To date, 217,875 RSUs, 479,320 Options and 10,009 DSUs have been awarded under the 2006 Plan, for a total of 707,204 awards.
Options. Options granted under the 2006 Plan provide participants with the right to purchase shares at a predetermined exercise price. Under the U.S. Sub-Plan, the Plan Committee may grant ISOs and non-ISOs; provided that ISO treatment is not available for options that become first exercisable in any calendar year for shares that have a value exceeding U.S. $100,000 (based upon the fair market value of the shares on the option grant date).
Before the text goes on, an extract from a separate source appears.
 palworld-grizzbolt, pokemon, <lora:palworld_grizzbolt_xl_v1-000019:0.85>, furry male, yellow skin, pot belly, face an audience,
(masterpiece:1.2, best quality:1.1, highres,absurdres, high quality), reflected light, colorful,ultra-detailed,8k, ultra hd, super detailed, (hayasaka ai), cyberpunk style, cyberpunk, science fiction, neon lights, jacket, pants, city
In addition, under Section 6 of the 2006 Plan and subject to applicable law, outside directors are granted options that have a fixed value of U.S. $25,000 (as determined under the Black-Scholes or similar model on the grant d ate) as part of their annual compensation (with one-year vesting), as well as a one-time option grant for each new outside director that has a fixed value of approximately U.S. $50,000 (with five-year pro rata vesting). However, an outside director is only eligible to receive new option or SAR grants to the extent that the shares subject to the directors’ aggregate options or SARs do not exceed 1% of shares outstanding on the date of grant. In the event an option grant exceeds this limit, the director is precluded from receiving the grant and may, instead, elect to receive a cash payment or DSUs in the amount the director is precluded from receiving because of the 1% limit.
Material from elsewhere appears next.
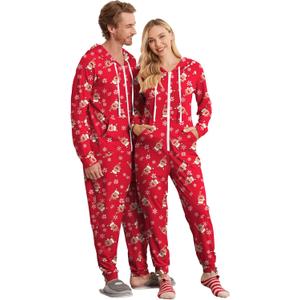 Ekouaer Christmas Onesie for Couples Zipper Hooded Adult Matching Onesie Pajamas with Pockets (X-Small, Reindeer)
The 2006 Plan also includes special rules for option grants to employees who are residents of France or who are or may become subject to French tax. For example, under the French Sub-Plan, options may only be granted to an employee or executive officer of a company incorporated in France that complies with the capital and control requirements of the French Code of Commerce. The Plan Committee may not grant options during the 20 days after (i) the payment of a dividend, or (ii) after the allocation to stockholders of negotiable preferential subscription rights in the frame of an increase of Axcan capital stock. In addition, no options may be granted under the French Sub-Plan during the ten trading days preceding or following the publication of the annual financial consolidated statements of Axcan or the publication of its annual financial statements in the absence of consolidated statements. Also, no option may be granted under the French Sub-Plan during the period starting from any date on which the corporate management of Axcan is aware of any price-sensitive information which, if published, might have a significant impact on the price of the Shares, and ending ten consecutive trading days after the publication of that information.
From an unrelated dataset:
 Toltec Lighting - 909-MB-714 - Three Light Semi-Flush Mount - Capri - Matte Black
SARs. A SAR generally permits a participant who receives it to receive, upon exercise, shares equal in value to the excess of (i) the fair market value, on the date of exercise, of the shares with respect to which the SAR is being exercised, over (ii) the exercise price of the SAR for such shares. The Plan Committee may grant SARs in tandem with options, or independently of them. SARs that are independent of options may limit the value payable on its exercise to a percentage, not exceeding 100%, of the excess value.
Exercise Price for Options and SARs. The per share purchase price under each option or SAR granted shall be established by the Plan Committee at the time the option or SAR is granted. However, the per share purchase price shall not be less than 100% of the fair market value (generally, the current price reflected in trading on the TSX, which is our principal trading market) of a common share on the last trading day preceding the date the option is granted. Alternatively, under the U.S. Sub-Plan, the per share purchase price of each option or SAR shall be 100% of fair market value, which is generally the current price reflected in trading on the NASDAQ on the grant date of the underlying shares subject to the award. The Plan expressly prohibits the repricing of stock options and SARs whose exercise price is reduced.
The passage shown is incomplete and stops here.